A Brazilian federal prosecutor asked IBAMA to prevent the coordinated burning. But when it requested support from state police, the police refused — even though they have a history of collaboration. An investigation from the Federal Public Prosecution Service (MPF) ended with a recommendation that the police resume support of IBAMA. Roughly translated from Portuguese, the MPF also wrote:
“Had it not been for the PM’s [military state police] denial of support to Ibama, the event that became known worldwide as ‘fire day’ could have been mitigated or even avoided.”
Matias said fires for pasture are usually sparked in October, maybe the end of September. And then the rain comes and washes them away in November. “This fire was criminal,” he said.
Satellite imagery confirms that there was a distinct uptick in the number of fires on Aug. 10. And according to NASA imagery, Morton reported, it “continued after [the 10th] across the southern Amazon. That actually is the start of increased regional fire activity.”

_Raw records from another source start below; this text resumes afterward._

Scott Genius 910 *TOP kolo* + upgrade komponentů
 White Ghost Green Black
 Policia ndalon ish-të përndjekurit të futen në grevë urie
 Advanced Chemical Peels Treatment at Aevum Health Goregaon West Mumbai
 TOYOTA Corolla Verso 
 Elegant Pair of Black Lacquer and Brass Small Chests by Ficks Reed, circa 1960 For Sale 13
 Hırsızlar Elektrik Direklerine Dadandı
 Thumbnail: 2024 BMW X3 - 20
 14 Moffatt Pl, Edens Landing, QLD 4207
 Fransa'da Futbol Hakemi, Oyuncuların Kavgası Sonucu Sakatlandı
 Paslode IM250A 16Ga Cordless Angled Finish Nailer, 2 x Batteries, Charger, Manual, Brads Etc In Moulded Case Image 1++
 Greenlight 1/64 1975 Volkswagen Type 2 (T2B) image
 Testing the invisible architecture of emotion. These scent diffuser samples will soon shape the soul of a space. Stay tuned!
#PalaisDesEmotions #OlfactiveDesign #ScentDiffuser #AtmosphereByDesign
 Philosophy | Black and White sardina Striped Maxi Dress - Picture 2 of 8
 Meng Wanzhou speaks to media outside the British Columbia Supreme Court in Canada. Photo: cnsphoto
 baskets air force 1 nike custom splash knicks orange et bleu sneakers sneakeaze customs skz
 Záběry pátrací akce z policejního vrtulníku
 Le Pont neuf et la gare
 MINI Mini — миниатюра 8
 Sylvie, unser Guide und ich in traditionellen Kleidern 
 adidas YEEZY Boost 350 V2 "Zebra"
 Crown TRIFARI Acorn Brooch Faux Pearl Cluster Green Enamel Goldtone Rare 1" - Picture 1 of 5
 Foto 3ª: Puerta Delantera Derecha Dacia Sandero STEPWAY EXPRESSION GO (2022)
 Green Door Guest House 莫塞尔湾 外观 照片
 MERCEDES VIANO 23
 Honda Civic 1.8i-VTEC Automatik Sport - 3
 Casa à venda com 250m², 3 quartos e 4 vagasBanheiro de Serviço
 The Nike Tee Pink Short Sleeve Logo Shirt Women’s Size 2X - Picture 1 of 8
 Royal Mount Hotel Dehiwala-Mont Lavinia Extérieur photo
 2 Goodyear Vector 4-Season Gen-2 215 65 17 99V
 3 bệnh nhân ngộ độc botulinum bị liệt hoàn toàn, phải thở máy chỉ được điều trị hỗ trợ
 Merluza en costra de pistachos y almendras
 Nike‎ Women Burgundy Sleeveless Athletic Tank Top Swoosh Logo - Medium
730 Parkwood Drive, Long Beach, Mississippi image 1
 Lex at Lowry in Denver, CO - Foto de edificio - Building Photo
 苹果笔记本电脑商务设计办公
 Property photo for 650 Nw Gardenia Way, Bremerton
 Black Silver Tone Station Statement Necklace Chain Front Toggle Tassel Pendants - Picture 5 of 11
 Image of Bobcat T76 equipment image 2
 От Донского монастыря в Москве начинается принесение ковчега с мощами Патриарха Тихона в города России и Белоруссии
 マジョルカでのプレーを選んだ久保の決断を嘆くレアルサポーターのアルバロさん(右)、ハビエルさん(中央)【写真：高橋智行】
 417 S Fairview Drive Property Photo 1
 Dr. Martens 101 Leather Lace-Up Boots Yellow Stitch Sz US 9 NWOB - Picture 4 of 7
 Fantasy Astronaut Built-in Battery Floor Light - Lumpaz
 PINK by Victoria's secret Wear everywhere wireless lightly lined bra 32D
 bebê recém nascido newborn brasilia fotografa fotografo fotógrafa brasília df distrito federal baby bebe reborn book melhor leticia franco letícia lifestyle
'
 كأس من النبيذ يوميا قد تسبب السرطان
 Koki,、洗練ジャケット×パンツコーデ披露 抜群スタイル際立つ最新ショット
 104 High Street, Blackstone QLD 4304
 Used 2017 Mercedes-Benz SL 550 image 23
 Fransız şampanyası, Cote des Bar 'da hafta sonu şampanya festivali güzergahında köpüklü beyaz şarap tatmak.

But satellites cannot confirm motive. Brazilian authorities are investigating who is behind Fire Day and how widespread the initiative became. After all, it’s just as possible that some people saw their neighbors burning and decided it was time to burn.
The Bottom Line
So who or what started the fires in Brazil’s Amazon?
The ongoing investigation proves the answer is not so clear-cut. (And none of the initial hypotheses checked out on their own.) The timing of the fires points to people who wanted to clear as much land as quickly as possible. The location generally suggests the fires were probably not started by major soy producers. At this point, we can’t be certain until crops appear (or don’t) on cleared land.
But the motives vary. Some fires were set as part of a coordinated action to show support for Bolsonaro’s environmental position. Others were started as part of annual burnings. History shows that this kind of uptick in fire activity happens when there is less oversight, and that can be brought on by an economic downturn or government policy changes.
In other words, Bolsonaro’s ambivalence toward environmental protections may not have directly lighted the first match, but it was a nod of approval to those who did.